Patch Motion Correction - RuntimeError: Could not allocate GPU array: CUDA_ERROR_OUT_OF_MEMORY

Hi @olibclarke, we’re aware of this issue and are looking into it. Sorry for the inconvenience in the meantime.

2 Likes

Thanks Harris - is there a patch for the meantime to revert Patch Motion to the previous version? Or any suggestion for reducing memory requirements beyond just using the low memory mode?

1 Like

Unfortunately not… The change that caused this had nothing to do with patch motion specifically, it was the changes involved in shipping our own cuda version. The workaround would be to downgrade CryoSPARC versions.

1 Like

Just to add, while for others the issue resolved when using Full Frame Motion Correction, we are still getting a similar error with Full Frame.

The error is

numba.cuda.cudadrv.driver.CudaAPIError: [CUresult.CUDA_ERROR_OUT_OF_MEMORY] Call to cuMemAlloc results in CUDA_ERROR_OUT_OF_MEMORY

Thank you for looking into this! In the meantime we will downgrade as suggested.

Welcome to the forum @AlexHouser.
On which GPU model did you observe this error?
nvidia-smi --query-gpu=name --format=csv

NVIDIA GeForce RTX 2080

After talking to our neighboring lab, they have been having the same issue but have been working around it by Fourier cropping to 1/2. This worked for us!

Overriding the number of knots (to X=6, Y=4) seemed to do the trick for us using super-res K3 data on a 2080Ti (using F-crop=1/2 also).
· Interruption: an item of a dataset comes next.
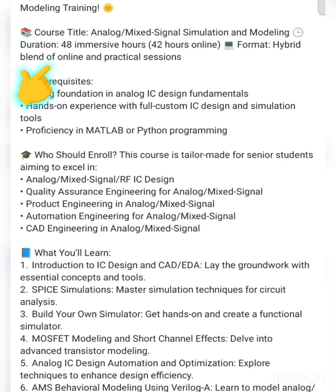Siemens is going to conduct 48 immersive hours — that means 42 hours of online teaching. The format will be a hybrid blend mode of online as well as practical sessions on analog and mixed signal simulation and modeling. Looking at the prerequisites, this is what they are expecting from participants.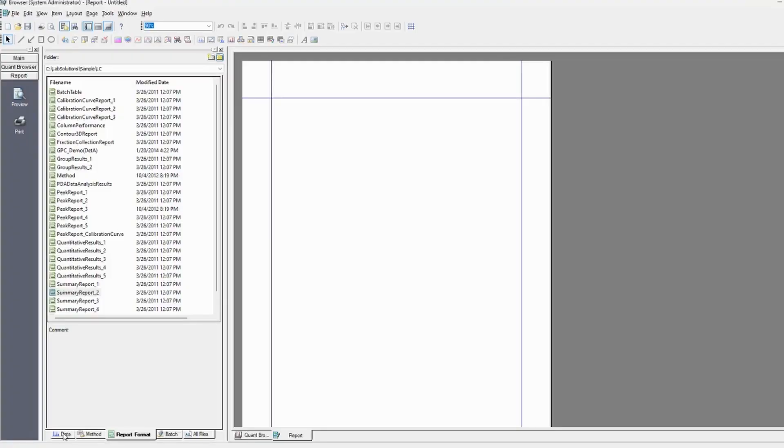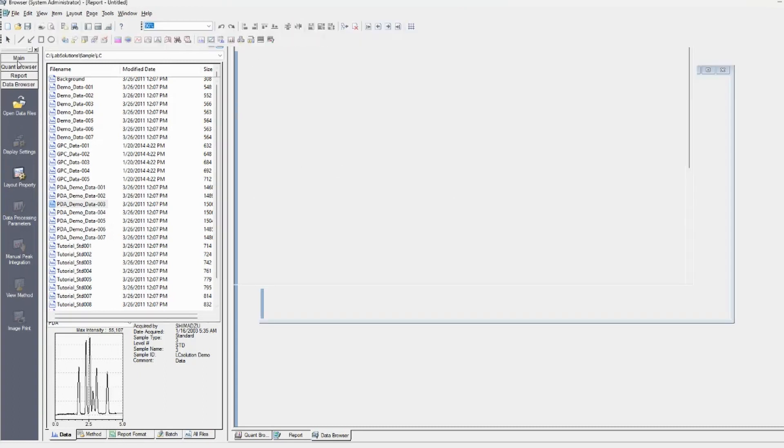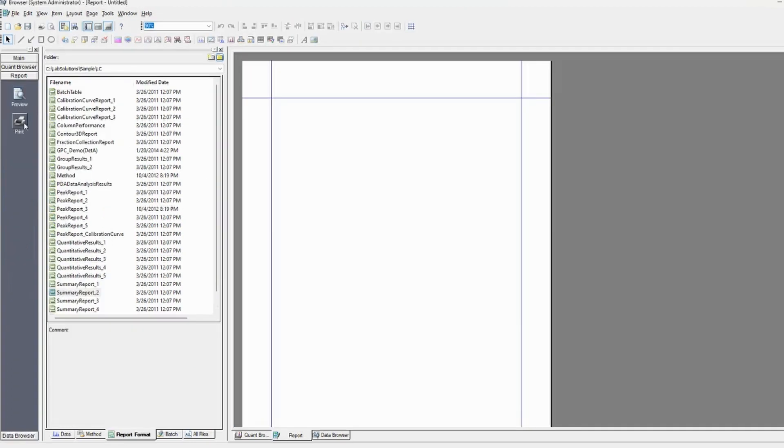Over here we're on the report format page. If you don't know how to get there, data browser, and over here you can click report and you'll be in the report section. There's also these tabs on the bottom here.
Just using F-crop=1/2 with patch motion didn’t do the trick, but reducing the number of knots as well worked

Our neighboring lab also recommended overriding the knots (Z=5, Y=5, X=7) as well as cropping to 1/2, but we found with our data only the cropping was necessary. Both our lab and their lab are using super-res K3 data.

1 Like

Maybe has to do with the number of movie frames? For us (50 frame super-res K3 movies on 2080Ti cards) it only works with X=6, Y=4, low memory mode, F-crop=1/2. Any more knots, or switching off low memory mode, or altered, F-crop, and it crashes. Glad to have a workaround!

EDIT: I spoke too soon - it ran ok for 15 mics and then started failing again :frowning: Back to tweaking params

Hi @olibclarke, I have a potential workaround that may address this. For background, v4.4 includes a new GPU memory management system (using the numba Python library) that does not immediately free memory when it’s no longer required. Instead, it frees in batches or when memory is low.

Your Patch Motion job appears to fail during a special allocation step that is unaware of this memory management system. So there may be some GPU memory that could be freed to make this work.

We’ll should have a fix for this in a future version of CryoSPARC, but in the mean time you could try disabling batched-memory deallocation by adding the following line to cryosparc_worker/config.sh:

export NUMBA_CUDA_MAX_PENDING_DEALLOCS_COUNT=0

Let me know if you get a chance to try this and it works for you.

@AlexHouser I am not sure whether the same fix will apply to you; based on the text, the error appears to be coming from a different place that is correctly managed. We are still investigating other memory usage changes in v4.4.

1 Like

Great I will give this a go, thanks!!

I am using CS4.4.1. I tried adding the above mentioned line in the cryosparc_worker/config.sh. But the problem did not solved, showing up same as mentioned by @olibclarke.

1 Like

Welcome to the forum @Suyog.

What is the output of the command
nvidia-smi
on the CryoSPARC worker?

Thank you for your reply. After reading this thread, I realized that, I am using GPU with 8 GB VRAM. I used the same patch correction job by using F-crop = 1/4, and it worked for me. In this also, I noticed that both of my GPUs were full in use. After reading some suggestion above, that patch motion correction is working fine in CS v4.3.1 or below. Is it better for me to rollback to CS v4.3.1 for my set of hardware configurations or else I have to use the F-crop =1/4? I have attached the nvidia-smi output below:

These are tough choices. For a potential alternative, have you already tried

Yes, I have tried that. Here is the screenshot of the file:

Adding that line to cryosparc_work/config.sh did not fix it for us either. Interestingly we are no longer able to fix it with Fourier cropping, low memory mode, and overriding knots during Patch Motion correction for our latest data set collected. We ended up having to roll back to v4.3.1.

1 Like

Thank you for the suggestion. We also downgraded to v4.3.1, and Patch motion correction is working fine. Thank you @AlexHouser @nfrasser @wtempel.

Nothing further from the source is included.